Scholastic, the world’s largest publisher and distributor of children’s reading content, is working to bridge the end of one school year with the beginning of another by offering free reading apps and digital learning games aimed at providing an incentive for students to self-teach during their vacations. Deborah Forte, President of Scholastic Media, spoke to GoodEReader about the importance of this kind of content for younger readers.
“Scholastic has always been about being relevant and supporting the needs of our customers. We offer through all of our digital content and physical content experiences that promote literacy. It could be through an app or a game or by way of a book,” explained Forte. “We’re coming from a different perspective [than other digital publishers] because we’ve always been coming from a digital space with apps, games, and software, in addition to the publishing.
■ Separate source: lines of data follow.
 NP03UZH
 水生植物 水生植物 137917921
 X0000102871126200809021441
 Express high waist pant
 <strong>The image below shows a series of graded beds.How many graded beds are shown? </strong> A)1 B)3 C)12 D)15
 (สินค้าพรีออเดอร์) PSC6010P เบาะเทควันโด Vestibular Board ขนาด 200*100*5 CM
When we see some of these apps that say that they are book apps but they have nothing to do with reading, that’s a concern. We don’t want the market to get confused, particularly for younger children’s digital experiences. There is a lot of confusion given the amount of content out there for children about what is truly a book for reading and what is a game.”
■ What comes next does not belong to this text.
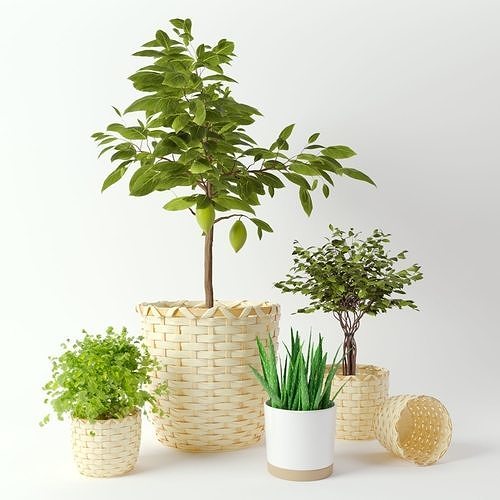 KAFFEBONA Plant Pot by IKEA 3D model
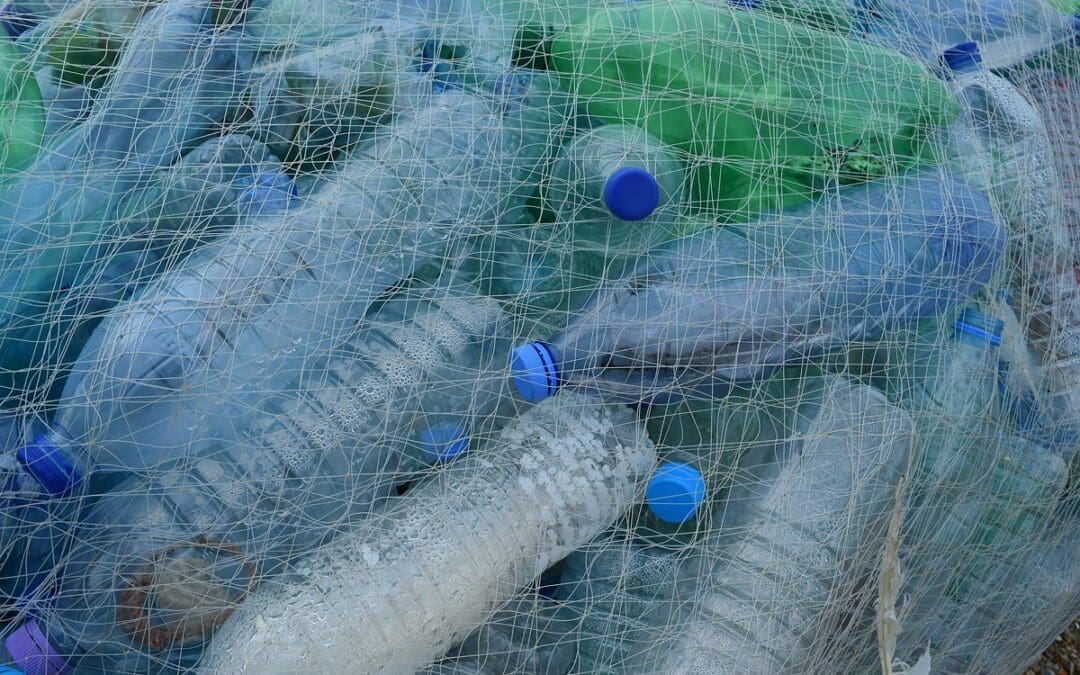 plastic bottles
Some of this summer’s highlighted offerings include the Storia digital reading app, an all-inclusive marketplace for children’s content that carries the Scholastic brand. It works across the different platforms as a curation process for finding and enjoying digital app books.
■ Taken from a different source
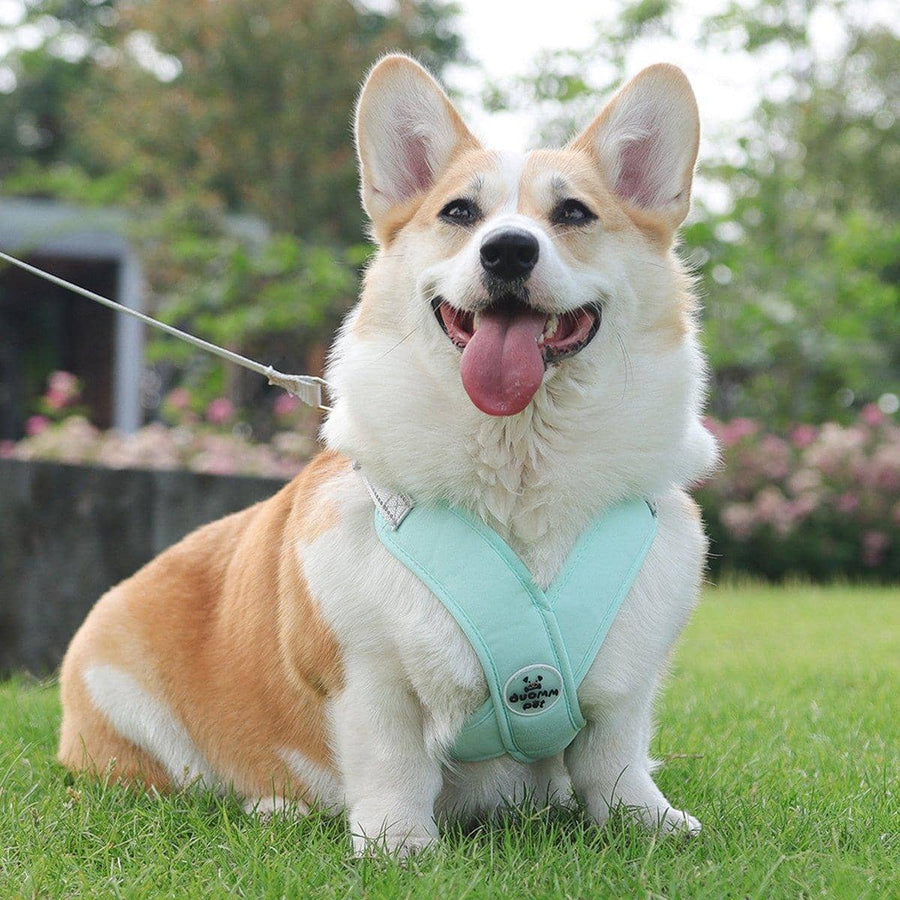 Reflective Dog Harness Vest with Leash - Green, Large (Neck 48-60 cm)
“Storia is a very useful tool to help connect the right book with a child. It’s not the only tool that Scholastic has, because for ninety years we’ve been curating books for different ages, interests, and reading levels. We’ve been doing that largely in print, but now we’re doing it digitally. Storia is connected to a robust digital ecosystem that will provide that kind of access in a safe environment for parents, teachers, and kids to be able to match the right book with the particular child.”
Scholastic recently hired a larger ebook editorial staff and brought on Jenny Frost in the position of senior vice president of ebook strategy, a move that Forte cites as more evidence of Scholastic’s commitment to digital content development to improve reading ability and encourage a love of reading in students.